# From Delta Lake to Amazon SageMaker

[Delta Lake](https://delta.io/) is a common open-source framework used for storing data in Lakehouse architectures.

In this sample we demonstrate how to integrate Delta Tables with Amazon SageMaker for performing data exploration, ingestion, processing, training, and hosting for Machine Learning.

---

## 1 - Data Exploration and Visualization

***Use Kernel "Data Science 3.0 (Python 3)" for running this notebook***

In this notebook, we will perform some Exploratory Data Analysis (EDA) over our Delta Tables.

In [2]:
import sagemaker
sagemaker.__version__

'2.130.0'

In [3]:
import numpy as np
import pandas as pd
import boto3

In [4]:
# S3 bucket for saving processing job outputs
sm_session = sagemaker.Session()
bucket = sm_session.default_bucket()
region = sm_session.boto_region_name

sm_client = boto3.client('sagemaker')
iam_role = sagemaker.get_execution_role()
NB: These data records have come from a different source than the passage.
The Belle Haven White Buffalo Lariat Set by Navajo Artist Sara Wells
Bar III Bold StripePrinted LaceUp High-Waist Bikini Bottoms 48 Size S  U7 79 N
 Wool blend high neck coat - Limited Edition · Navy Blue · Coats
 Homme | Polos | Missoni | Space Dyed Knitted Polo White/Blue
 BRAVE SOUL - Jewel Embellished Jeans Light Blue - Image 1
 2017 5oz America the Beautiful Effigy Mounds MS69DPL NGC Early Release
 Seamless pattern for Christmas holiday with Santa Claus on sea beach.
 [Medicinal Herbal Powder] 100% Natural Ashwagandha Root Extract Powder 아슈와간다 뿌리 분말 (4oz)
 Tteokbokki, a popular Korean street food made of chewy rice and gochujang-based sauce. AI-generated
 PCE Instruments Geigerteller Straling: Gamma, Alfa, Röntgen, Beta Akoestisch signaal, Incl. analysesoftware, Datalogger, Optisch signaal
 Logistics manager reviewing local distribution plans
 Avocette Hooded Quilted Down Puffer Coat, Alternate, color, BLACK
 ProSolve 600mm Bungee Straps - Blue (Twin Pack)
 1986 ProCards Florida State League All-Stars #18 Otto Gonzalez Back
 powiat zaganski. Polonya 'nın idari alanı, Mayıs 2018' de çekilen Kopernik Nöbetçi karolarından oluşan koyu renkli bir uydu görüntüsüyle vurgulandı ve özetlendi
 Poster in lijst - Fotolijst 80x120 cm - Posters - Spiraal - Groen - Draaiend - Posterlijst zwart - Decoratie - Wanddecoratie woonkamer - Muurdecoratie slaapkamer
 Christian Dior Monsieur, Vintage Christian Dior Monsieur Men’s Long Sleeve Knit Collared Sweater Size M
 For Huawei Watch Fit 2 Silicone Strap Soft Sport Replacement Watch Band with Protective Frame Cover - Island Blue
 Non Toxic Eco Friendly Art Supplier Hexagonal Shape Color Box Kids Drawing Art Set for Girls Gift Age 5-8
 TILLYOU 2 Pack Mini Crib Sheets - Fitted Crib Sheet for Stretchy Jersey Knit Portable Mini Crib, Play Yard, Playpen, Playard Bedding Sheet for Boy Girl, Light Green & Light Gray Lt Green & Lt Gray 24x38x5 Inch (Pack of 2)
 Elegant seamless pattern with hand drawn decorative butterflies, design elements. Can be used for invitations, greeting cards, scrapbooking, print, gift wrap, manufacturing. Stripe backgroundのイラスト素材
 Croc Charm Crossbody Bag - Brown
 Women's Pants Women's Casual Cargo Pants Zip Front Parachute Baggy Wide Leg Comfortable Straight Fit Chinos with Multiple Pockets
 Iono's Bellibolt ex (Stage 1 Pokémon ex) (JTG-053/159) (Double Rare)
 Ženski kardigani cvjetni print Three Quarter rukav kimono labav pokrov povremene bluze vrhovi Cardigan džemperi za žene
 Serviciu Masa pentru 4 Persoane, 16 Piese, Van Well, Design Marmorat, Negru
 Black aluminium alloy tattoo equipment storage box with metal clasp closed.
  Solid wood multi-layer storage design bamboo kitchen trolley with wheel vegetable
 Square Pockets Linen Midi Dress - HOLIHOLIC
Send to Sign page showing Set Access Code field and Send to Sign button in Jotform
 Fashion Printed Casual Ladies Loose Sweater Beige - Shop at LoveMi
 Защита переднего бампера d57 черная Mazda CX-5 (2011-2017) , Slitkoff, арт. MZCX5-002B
print('Default bucket: '+bucket)

Default bucket: sagemaker-eu-west-1-889960878219


In [5]:
# Import pyspark and build Spark session
from pyspark import SparkContext, SparkConf
from pyspark.sql import SparkSession, SQLContext

In [6]:
# Build list of packages entries using Maven coordinates (groupId:artifactId:version)
pkg_list = []
pkg_list.append("io.delta:delta-core_2.12:1.1.0")
pkg_list.append("org.apache.hadoop:hadoop-aws:3.2.2")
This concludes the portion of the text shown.